My copy of Everlight was a download and did require a product key to play which expired after 12 months.
All games from Adventure Shop required a key and online activation.
Does anyone remember the windowed wheel which came with the original Curse of Monkey Island? You had to enter related images every time you played.
The first two Monkey Island games on floppy were like that.
Are you thinking of one of those?
Curse of Monkey Island came on CD, and mine certainly had no code wheel.

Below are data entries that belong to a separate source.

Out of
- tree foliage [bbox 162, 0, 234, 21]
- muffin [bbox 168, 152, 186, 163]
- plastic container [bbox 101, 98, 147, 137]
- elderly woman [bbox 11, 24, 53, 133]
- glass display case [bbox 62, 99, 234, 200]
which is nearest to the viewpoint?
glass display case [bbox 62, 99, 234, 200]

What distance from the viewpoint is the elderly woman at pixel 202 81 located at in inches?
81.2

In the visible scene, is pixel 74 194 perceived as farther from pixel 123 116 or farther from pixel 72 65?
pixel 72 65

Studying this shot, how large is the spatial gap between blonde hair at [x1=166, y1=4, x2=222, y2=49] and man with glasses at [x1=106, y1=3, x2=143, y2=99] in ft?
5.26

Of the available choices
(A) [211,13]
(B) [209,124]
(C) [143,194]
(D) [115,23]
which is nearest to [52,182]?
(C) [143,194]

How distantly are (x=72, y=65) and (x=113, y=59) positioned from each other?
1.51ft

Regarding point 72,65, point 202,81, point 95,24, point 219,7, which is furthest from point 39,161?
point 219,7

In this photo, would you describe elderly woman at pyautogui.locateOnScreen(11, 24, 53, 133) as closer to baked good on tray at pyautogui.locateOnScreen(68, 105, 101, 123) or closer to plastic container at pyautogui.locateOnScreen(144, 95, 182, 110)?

Having to use something that shipped with the game to start the game (like the xth word on the yth page of the manual or looking at a page to see what was written using red plastic glasses) were "protections" used for floppies. They were a lot better than having the DRM built into the structure of the floppy because when it was built into the floppy you couldn't back up the floppy. Although some floppy disks have lasted 30 years or more, a lot of them don't.
Those were the days....not! Glad we don't have to do that sort of thing now!

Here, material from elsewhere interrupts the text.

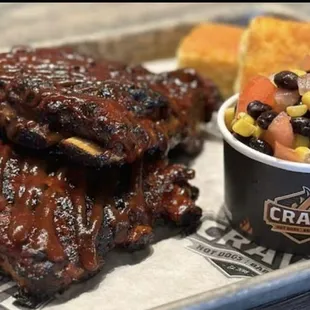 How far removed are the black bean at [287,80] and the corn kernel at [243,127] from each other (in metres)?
0.17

The worst I encountered was having to look up locations on a paper map that was falling apart for Spirit of Excalibur. The towns you had to locate could be on the borders of the map divisions, which had to be estimated because the map didn't have vertical and horizontal lines to demarcate the divisions, only symbols (shields) at the edges of the map, and you had to guess at which division the town was in when it was halfway between. I had to lay the map on the floor, arrange its broken bits together, and use a long straight thing like a metal measuring tape to get the coordinates along the edges. Even after all that fuss, the game would sometimes claim they were wrong -- apparently because the person who made the system misread the map himself. It was one particular town that would always be wrong.
There's a picture of this awful map
***here***As you can see, the coordinates at the edge are shields rather than numbers or letters. Unlike my map, there are squares marked off. My map was a lot more worn (got the game used). If the game had come with a cloth map instead of a paper one, I'd have kept it. The paper map just didn't hold up.